Exercise prompt
The output must start at the line containing "241457 - Sporty Skirt (40% Off)" in the records below and stop at the last line, matching each line exactly and leaving out every picture.

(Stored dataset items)
········

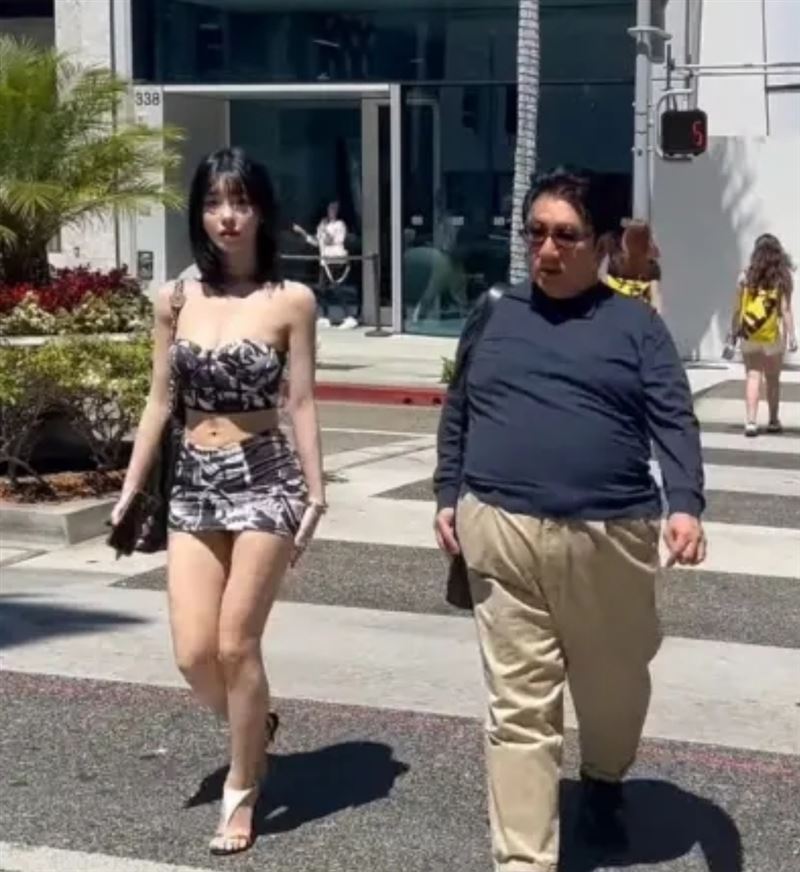 果汁世妍（左）曾被拍到与房时爀（中）同游美国。（图／翻摄自YouTube@I am WalKing）
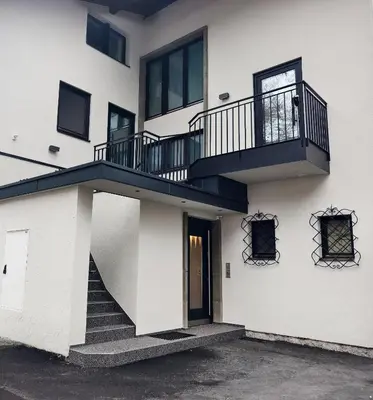 Das Gebäude in dem sich die Ferienwohnung befindet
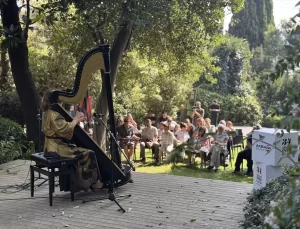 Arpist Meriç Dönük’ün Müziği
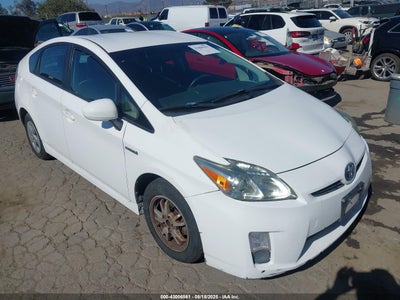 TOYOTA PRIUS 2011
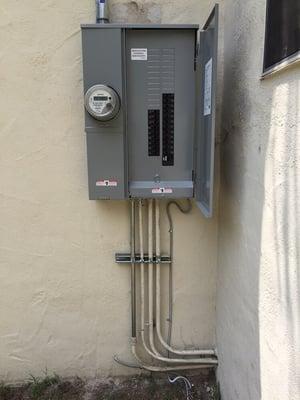 This is a new 200 Amp service we installed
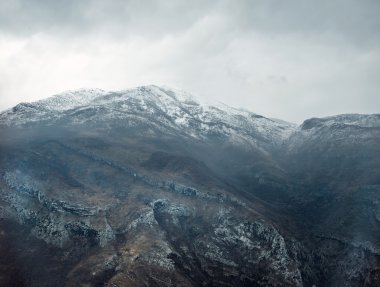 Puslu dağına rock Moraca nehir Kanyon, Kuzey Karadağ üzerinden görüntülemek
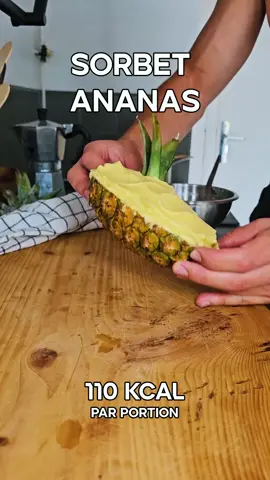 Sorbet 100% ananas maison ! 🔢 Macronutriments pour 1 portion (200g) : 110 kcal | 1g P | 24g G | 0.6g L 📋 Ingrédient : - 200g ananas (frais congelé ou surgelé) 👨🍳 Préparation : - Coupe l'ananas en cubes et place-les au congélateur jusqu’à ce qu’ils soient bien durs (ou utilise directement de l'ananas surgelé). - Mixe l'ananas à l’aide d’un bon mixeur jusqu’à obtenir une texture lisse et crémeuse. - Déguste tout de suite ou replace quelques minutes au congélateur pour une texture plus ferme. Bon app' mon petit Jo' ! 😋 #desserthealthy #mangersainement #snackfit #recettefruitée #sorbetananas#sanssucreajouté #glacesaine #recettefacile #fitfood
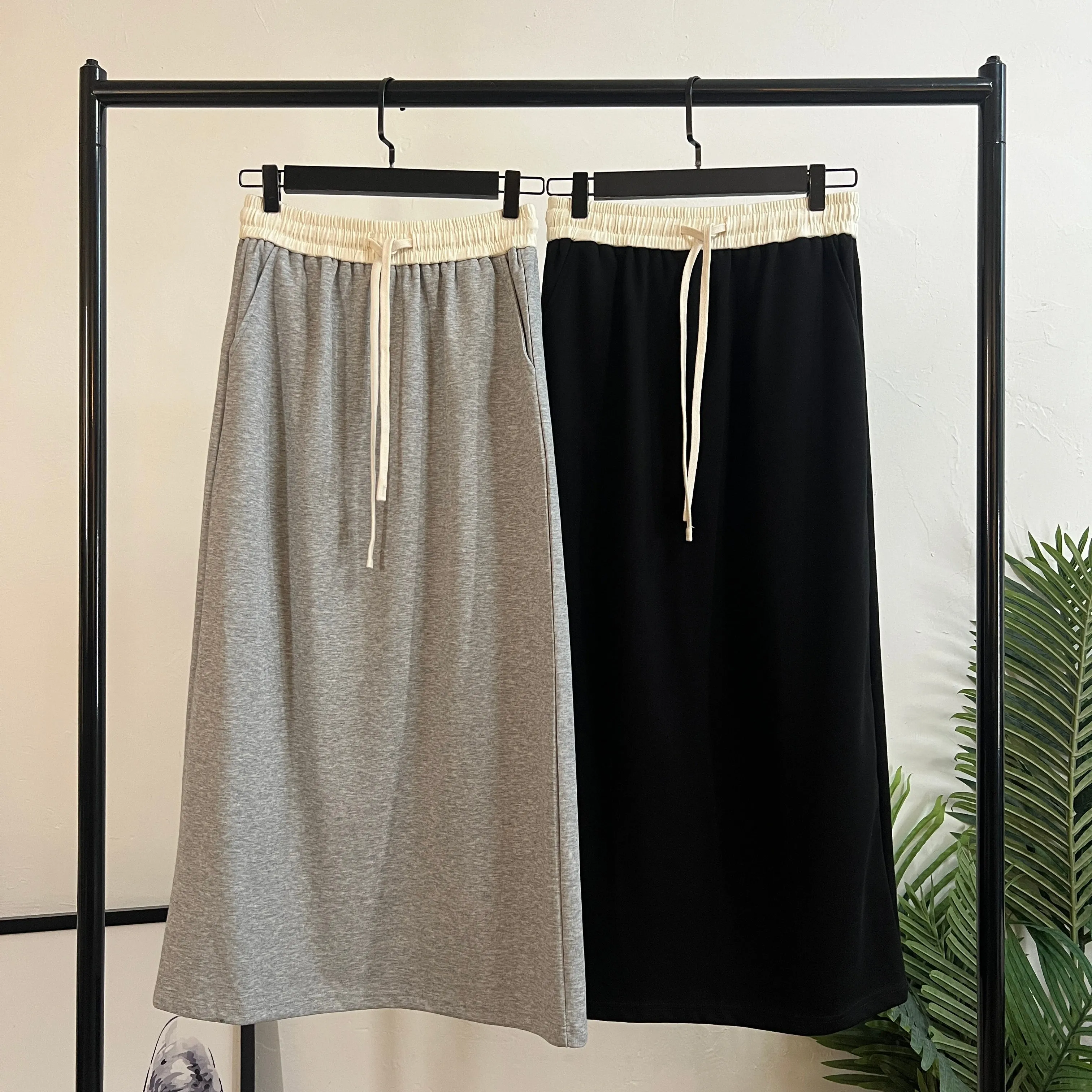 241457 - Sporty Skirt (40% Off)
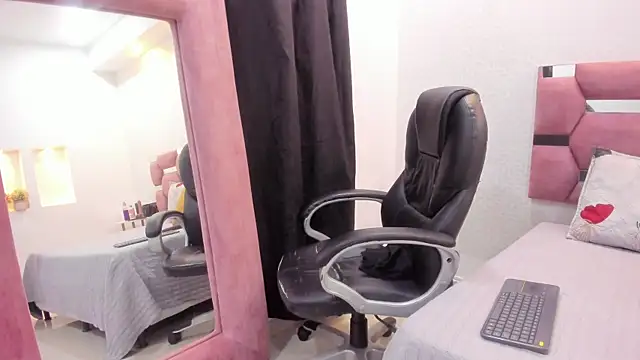 Nathy Ross online show from September 21, 2025, 8:43 pm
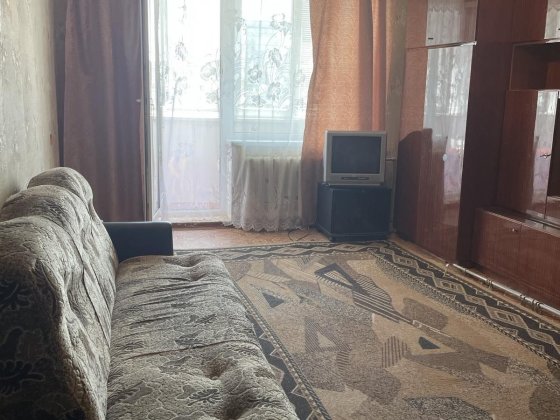 Срочно! Продам двух комнатную квартиру  на  пр. ПОЛЯ Дніпро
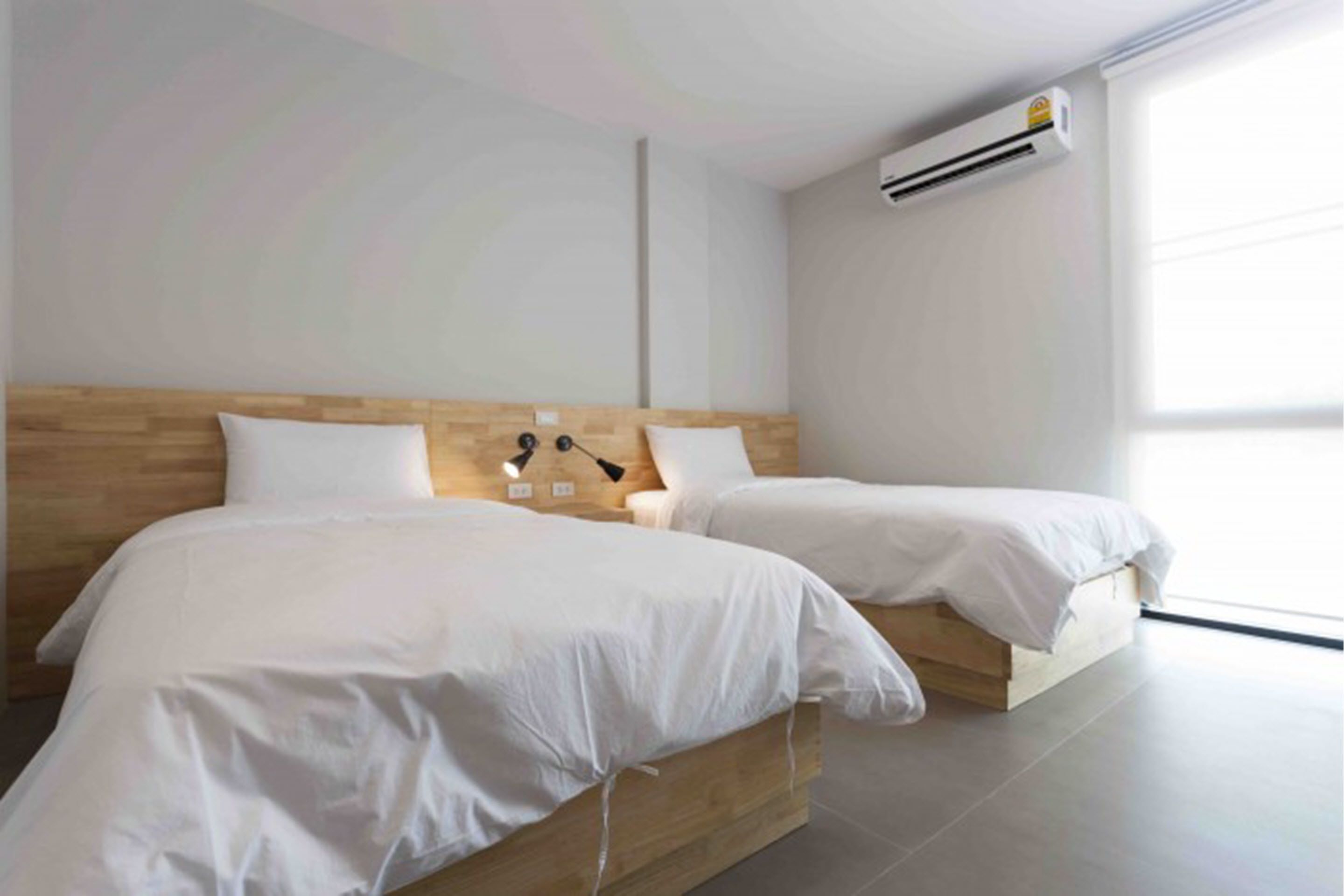 standard twin room | desk, free wifi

········

Result of this task
 241457 - Sporty Skirt (40% Off)
 Nathy Ross online show from September 21, 2025, 8:43 pm
 Срочно! Продам двух комнатную квартиру  на  пр. ПОЛЯ Дніпро
 standard twin room | desk, free wifi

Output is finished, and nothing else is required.